▶ **Work instructions**:
Send every record back word for word.

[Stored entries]
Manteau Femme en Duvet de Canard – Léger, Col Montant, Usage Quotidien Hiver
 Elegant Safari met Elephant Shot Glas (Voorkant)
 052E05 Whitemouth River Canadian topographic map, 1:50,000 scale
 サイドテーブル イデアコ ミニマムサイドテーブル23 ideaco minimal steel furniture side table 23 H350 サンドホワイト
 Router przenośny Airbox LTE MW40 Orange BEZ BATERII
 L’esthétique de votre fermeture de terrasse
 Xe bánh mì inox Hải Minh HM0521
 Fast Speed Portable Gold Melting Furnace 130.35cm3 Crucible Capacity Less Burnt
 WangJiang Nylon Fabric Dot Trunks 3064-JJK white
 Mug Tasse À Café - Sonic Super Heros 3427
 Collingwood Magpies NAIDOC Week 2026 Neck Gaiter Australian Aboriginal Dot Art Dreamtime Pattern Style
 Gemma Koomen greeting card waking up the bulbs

▶ **Task answer**:
Manteau Femme en Duvet de Canard – Léger, Col Montant, Usage Quotidien Hiver
 Elegant Safari met Elephant Shot Glas (Voorkant)
 052E05 Whitemouth River Canadian topographic map, 1:50,000 scale
 サイドテーブル イデアコ ミニマムサイドテーブル23 ideaco minimal steel furniture side table 23 H350 サンドホワイト
 Router przenośny Airbox LTE MW40 Orange BEZ BATERII
 L’esthétique de votre fermeture de terrasse
 Xe bánh mì inox Hải Minh HM0521
 Fast Speed Portable Gold Melting Furnace 130.35cm3 Crucible Capacity Less Burnt
 WangJiang Nylon Fabric Dot Trunks 3064-JJK white
 Mug Tasse À Café - Sonic Super Heros 3427
 Collingwood Magpies NAIDOC Week 2026 Neck Gaiter Australian Aboriginal Dot Art Dreamtime Pattern Style
 Gemma Koomen greeting card waking up the bulbs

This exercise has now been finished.